Thomas Gardiner's current show at Blue Sky, on the other hand, offers a beautiful twist on the motif. And also more problems. The exhibition combines selections found in Western Canada and the U.S.A. That's plenty of raw material to work with, and Gardiner takes advantage. If Huff's photos recall Soth, Gardiner's model is Uncommon PlacesHis scene selection and camera positioning is exquisite, creating vistas with countless small details jigsawed perfectly into place. For example, look at the way the trash can interacts with truck shadows in this photo:

Thomas Gardiner

The prints are large with plenty of room to pour over. The photos shift as you look at them, with new small discoveries releasing like time-release capsules. This one captured me initially with the bizarre spatial dynamics, not to mention the social commentary. Talk about a boxed in living situation. It was only as I looked for several minutes that I noticed the diaspora of small posts, sticks, windows, and vegetation, each one holding down part of the photo.

Thomas Gardiner

This photo has been a personal favorite since I wrote about it six years ago:

Thomas Gardiner

It was a pleasure to view the full sized print on the wall at Blue Sky, even if the improved altered color palette leans toward the sanitized.

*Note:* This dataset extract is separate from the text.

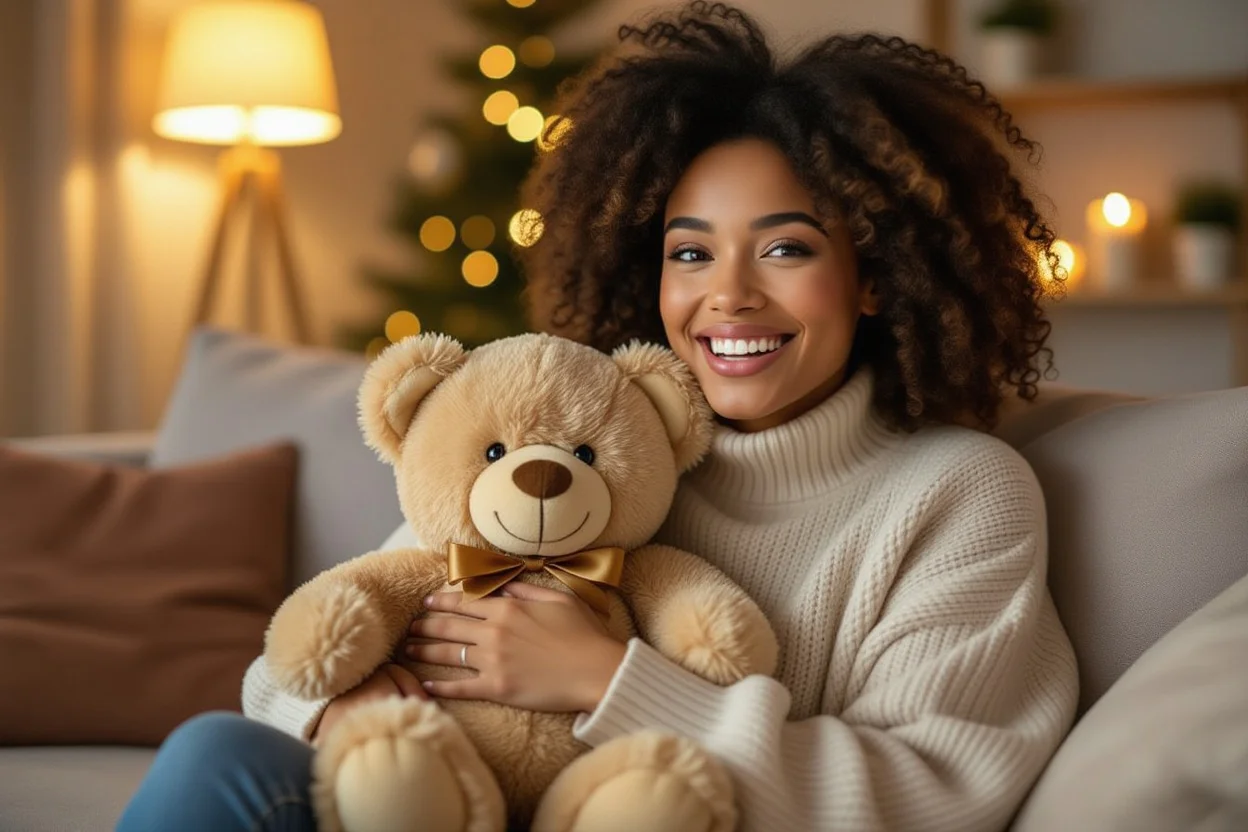 Happy woman surprised with teddy bear gift showing genuine joy and appreciation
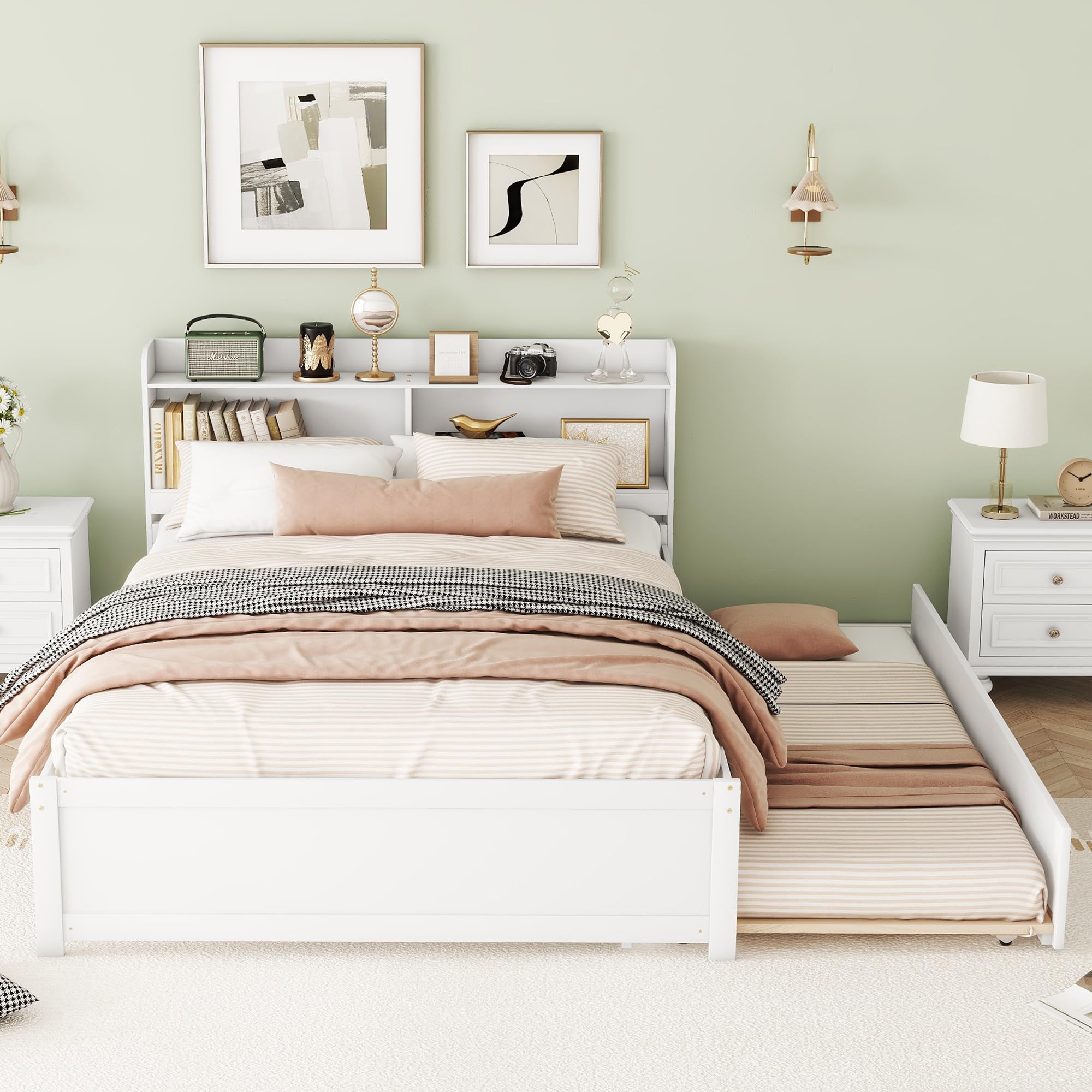 Harper & Bright Designs Full Bed with Trundle, Full Trundle Bed with Bookcase Headboard, Wood Full Size Platform Bed with Twin Trundle Bed Under for Kids Girls Boys, White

The cultural landscapes are great, and the interiors are interesting. For me there's only one thing holding them back: the portraits. If only Gardiner had followed Shore to the end and eliminated them from the series. But for whatever reason Gardiner's gotten caught up in the docutrinity zeitgeist, to poor effect. The portraits are sluggish, with cinema lighting on subjects staring off-camera. I suppose the subjects are meant to look thoughtful but to me they look bored, and worse, scripted. Instead of natural elements in the scene, they seem like characters or add ons. That's fine if you're Lorca-DiCorcia or Crewdson expounding on a dreamworld. But I'd rather see reality, or at least the impression of it. There are some docutrinity interiors on display as well, including a nice trophy shot, but I'll let those slide for now. Because for me the portraits were the main distraction.

Thomas Gardiner

I know what you're thinking. If a photographer can't combine landscapes, interiors, and portraits what can they shoot? Aren't those subjects the bread-n-butter of documentary tradition? Well, yes. 

Here's what I suggest instead. What if photographers focus their energy on finding tiny toy cars in the landscape? Not just the normal Matchbox ones, which are small, or the slightly smaller Lego cars. I'm talking about teeny teeny tiny automobiles barely large enough to see, on a scale with ants. With patience and a little luck you can find them anywhere, North, South, Appalachia, etc. Now, obviously they will be hard to photograph. But that's the point, right. Because very few people have photographed this world yet. It's wide open for anyone who wants to take a teeny tiny camera, get close enough to smell the tiny exhaust, and aim their tiny lens at all the teeny teeny teeny weeny tiny cars of every color. Present in a teeny tiny white frame, with teeny tiny engine drone soundtrack playing in the corner, and Bingo! You've created something new.


Hernan Zenteno said...

You are a terrific critic of photography

Andrew Gardner said...

Always love reading your posts, Blake. Thanks for making me aware of Thomas Gardiner, I hadn't heard of him before (and given his last name I probably should have.) Not so sure about his portraits but love his landscapes!

hagenism said...

Thank you for taking to task an elephant in the room, although I myself might be implicated here as well. The last paragraph made me laugh as much as your Peter Lik post.